The film version was produced by Robert S. Baker and Monty Berman and stars Forrest Tucker, Laurence Payne, Jennifer Jayne and Janet Munro. Les Bowie handled the special effects.

The film was distributed in the UK by Eros Films Ltd. and in the US by Distributors Corporation of America. It was released theatrically on a double bill with the 1958 British film Cosmic Monsters (aka The Strange World of Planet X).

The Trollenberg Terror's storyline concerns United Nations troubleshooter Alan Brooks, later joined by journalist Philip Truscott, investigating unusual accidents occurring in the area of a resort hotel on (the fictional) Mount Trollenberg in Switzerland. Brooks suspects these deaths are related to a series of similar incidents that occurred three years earlier in the Andes mountains, which involved an unexplained radioactive mist and odd cloud formation believed by locals to be inhabited.

Plot

On the Swiss mountain Trollenberg, one of three student climbers is suddenly killed, his head ripped from his body. Two sisters, Anne (Munro) and Sarah Pilgrim (Jayne), a London mind-reading act, are travelling by train to Geneva when Anne faints as the train passes the mountain. Upon waking, Anne insists that they must get off at the next stop.

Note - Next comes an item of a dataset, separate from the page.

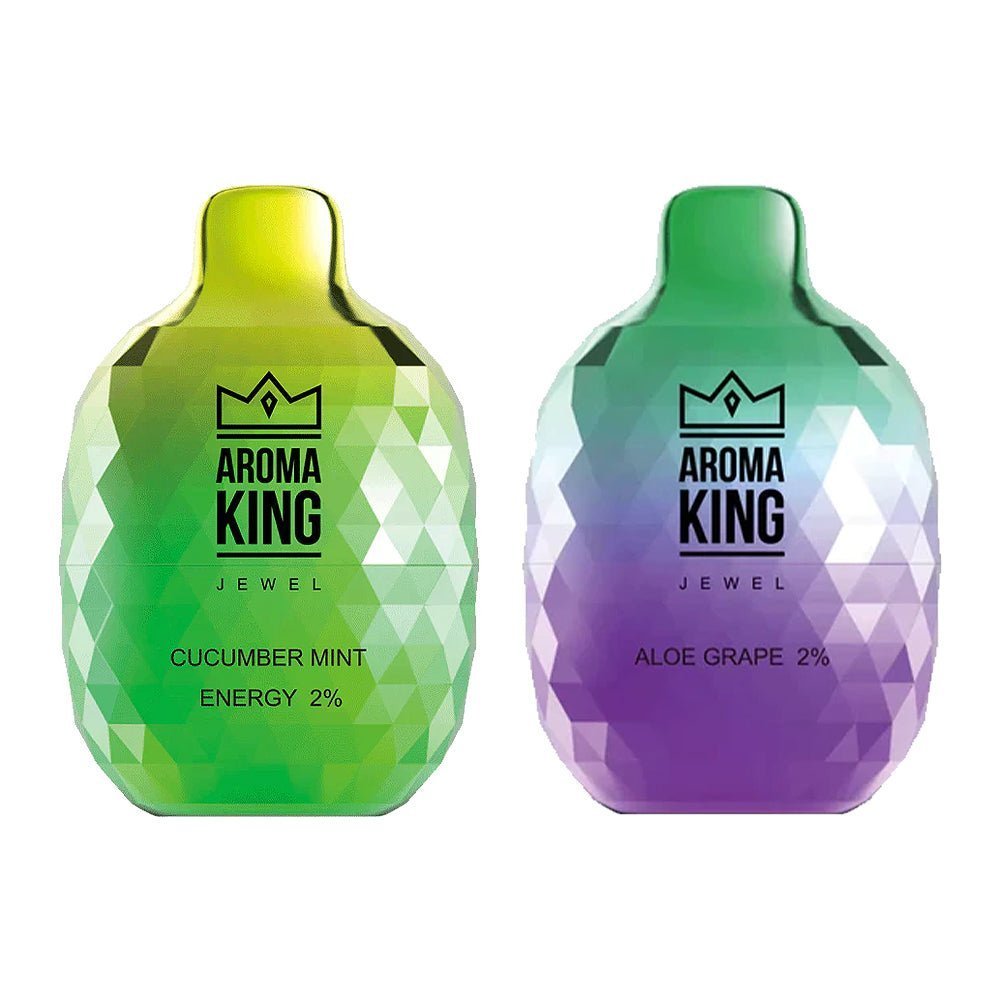 Aroma King Jewel 8000 Disposable Vape Pod Pack of 10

UN troubleshooter Alan Brooks (Tucker), in the same train compartment as the sisters, goes to Trollenberg's observatory, where Professor Crevett (Warren Mitchell) explains that, despite many climbing accidents, no bodies are ever found; an always-stationary radioactive cloud is regularly observed on the mountain's south face. Brooks learns that similar incidents took place in the Andes three years earlier, before a similar radioactive cloud vanished without a trace. Local rumors circulated that something was living in the mist.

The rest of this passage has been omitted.